This week, the clergy of the diocese will be gathering for the Diocesan Clergy Convocation at the Kovalchick Convocation Center at Indiana University of Pennsylvania. This annual gathering of the clergy of the diocese with our bishop is an opportunity for discussion of issues important to the diocese and our ministry within it. Since retired priests are not required to attend, Father John will be available to celebrate Mass at Holy Family on Wednesday and Thursday morning. Everything else around the parish should be operating as usual this week. These are very challenging times for our diocese so please pray for the priests and deacons of the diocese as we gather with Bishop Kulick this week.
Many parishes focus on stewardship during the month of October. In the weeks ahead all parishioners will be receiving more information in the mail about stewardship in our parish, including a brief summary of our parish’s annual financial report and opportunities for getting involved in our parish’s many ministries.
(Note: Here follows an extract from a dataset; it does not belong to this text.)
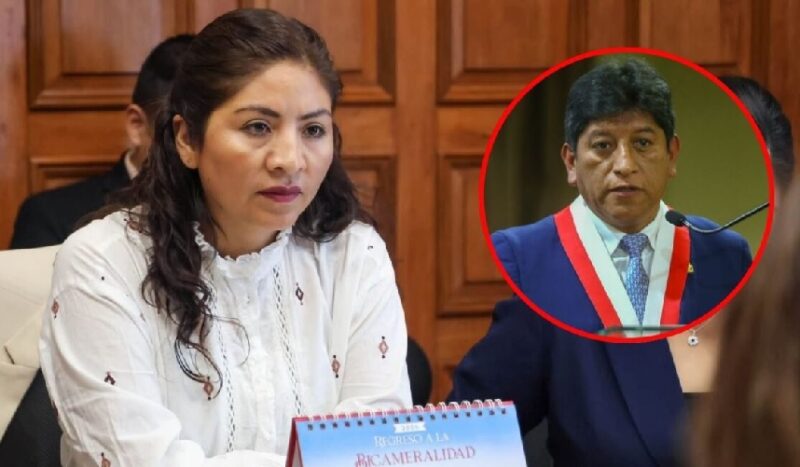 Diputada Analí Marquez presenta denuncia constitucional contra defensor del Pueblo por declarar sobre cierre del Congreso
In that spirit, I share a thought for your reflection from the United States Conference of Catholic Bishops’ 2003 letter, Stewardship and Young Adults: “Our Catholic tradition teaches us that with so many blessings come great challenges. At all times in our lives, we have an opportunity—and a responsibility—to share what we have been given. It begins with remembering our baptism, when we became followers of Jesus Christ. From this call flows the commitment to Christ that makes stewardship possible—and deeply rewarding. However, this is a commitment to a lifetime of action, and it requires sacrifice. Through following Christ, we have the benefit of the role model of sacrifice for the greater good, a model of self-giving and loving service.”
With the month of October underway, we are conducting the annual October Count each weekend. Every year, during the month of October, all the parishes in the diocese do a literal “head count” of how many people are attending Mass. These counts are important in statistical reporting, especially in helping the diocese and parishes determine long-term trends in Mass attendance, which aid greatly in planning for the future. The month of October is chosen because there are no major Church feasts or holydays during the month, vacation season is over, school is in session, and the weather is generally still good...all factors which lead to “normal” Mass attendance.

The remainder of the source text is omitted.